Cette classification implique également la réalisation d’essais en conditions réelles et impose des exigences en termes de qualité des jeux de données utilisés. Elle requiert également la rédaction d’une documentation technique et la mise en place d’une journalisation / traçabilité des opérations réalisées par le biais de ce système. Enfin, ces systèmes doivent permettre un contrôle effectif par des personnes physiques pendant leur période d’utilisation.
Proposition de loi relative à la reconnaissance biométrique dans l’espace public
Les textes en vigueur apportent bien des lignes directrices en matière d’usages interdits ou autorisés. Ils mériteraient toutefois d’être complétés, notamment en droit interne afin de clarifier les exceptions aux principes d’interdiction, offrant explicitement aux opérateurs des « lignes rouges » ne devant être franchies.
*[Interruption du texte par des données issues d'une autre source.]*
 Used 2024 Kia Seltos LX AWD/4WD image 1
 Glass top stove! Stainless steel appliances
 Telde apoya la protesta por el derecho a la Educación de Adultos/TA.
A cet effet, on relèvera que la CNIL appelle depuis 2018 à un débat démocratique sur les nouveaux usages des caméras vidéo et à un réexamen d’ensemble des dispositions applicables en droit français afin d’apporter une réponse appropriée à l’ensemble des techniques et usages nouveaux mentionnés ci-dessus.
Un rapport du Sénat publié le 10 mai 2022 préconise également un encadrement précis de l’utilisation de la reconnaissance biométrique visant à empêcher les dérives vers une société de surveillance. Les rapporteurs considèrent qu’il est indispensable de fixer dans la loi quatre interdictions indistinctement applicables aux acteurs publics et privés :
- Interdiction de la notation sociale ;
- Interdiction de la catégorisation d’individus en fonction de l’origine ethnique, du sexe ou de l’orientation sexuelle ;
- Interdiction de l’analyse d’émotions ;
- Interdiction de la surveillance biométrique à distance en temps réel dans l’espace public (sauf exceptions limitées au profit de forces de sécurité, en particulier lors de manifestations sur la voie publique ou aux abords des lieux de culte).
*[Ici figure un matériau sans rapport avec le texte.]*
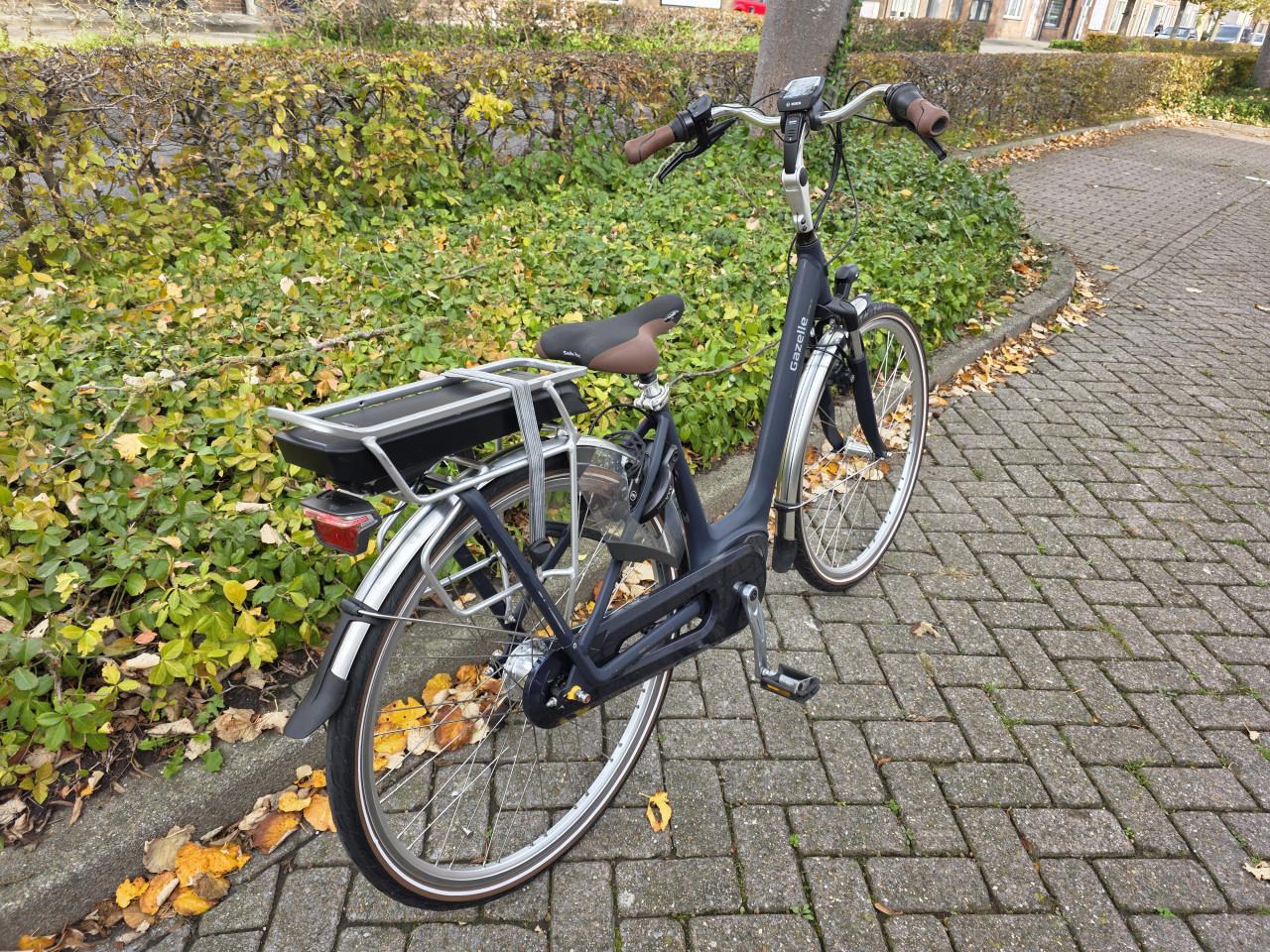 Schitterende Gazelle Orange met Bosch middenmotor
Dans ce rapport, le Sénat recommande, notamment, l’adoption d’une loi d’expérimentation (c’est-à-dire une loi soumise à un calendrier d’évaluation) pour déterminer les usages de la reconnaissance biométrique et fixer des « lignes rouges » à ne pas franchir. Une Proposition de loi relative à la reconnaissance biométrique dans l’espace public a été adoptée en première lecture par le Sénat le 12 juin 2023 et est, donc, toujours en cours d’examen.
Cette proposition de loi envisage de limiter juridiquement l’utilisation des technologies de reconnaissance faciale selon les conclusions du rapport d’information adopté par la commission des lois en mai 2022. Elle s’inscrit dans un objectif général de régulation et de cadrage de l’utilisation de la reconnaissance biométrique par les pouvoirs publics.
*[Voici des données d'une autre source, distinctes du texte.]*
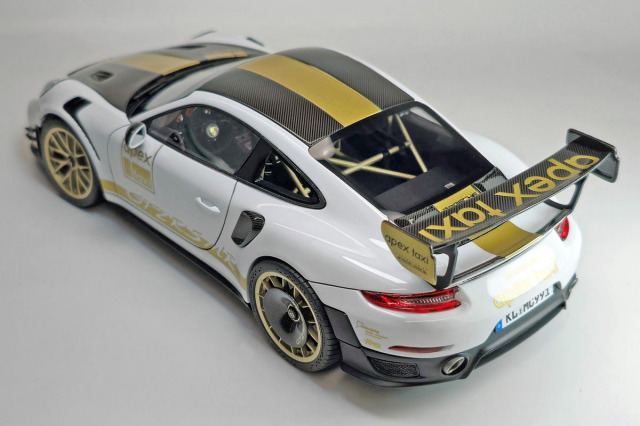 Kitbox x PZY Model 1/24キット KB08-14 Porsche 911 GT2 RS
Le RGPD et l’IA Act se révèlent une source précieuse d’identification de la règlementation applicable à ces nouveaux usages vidéo “algorithmiques”. La proposition de loi pendante devant le Parlement français, si elle est adoptée, viendra utilement préciser le cadre applicable aux cas d’utilisation par les pouvoirs publics (notamment la vidéo protection d’évènements à grande échelle, dans les lieux publics, etc.), mais également par les opérateurs privés. Le rapport du Sénat visant en effet les opérateurs publics comme privés, les acteurs commerciaux bénéficieraient également d’un cadre clair relatif aux technologies et cas d’usages variés résultant de ces systèmes vidéo « intelligents », qu’ils impliquent ou non des traitements de données biométriques.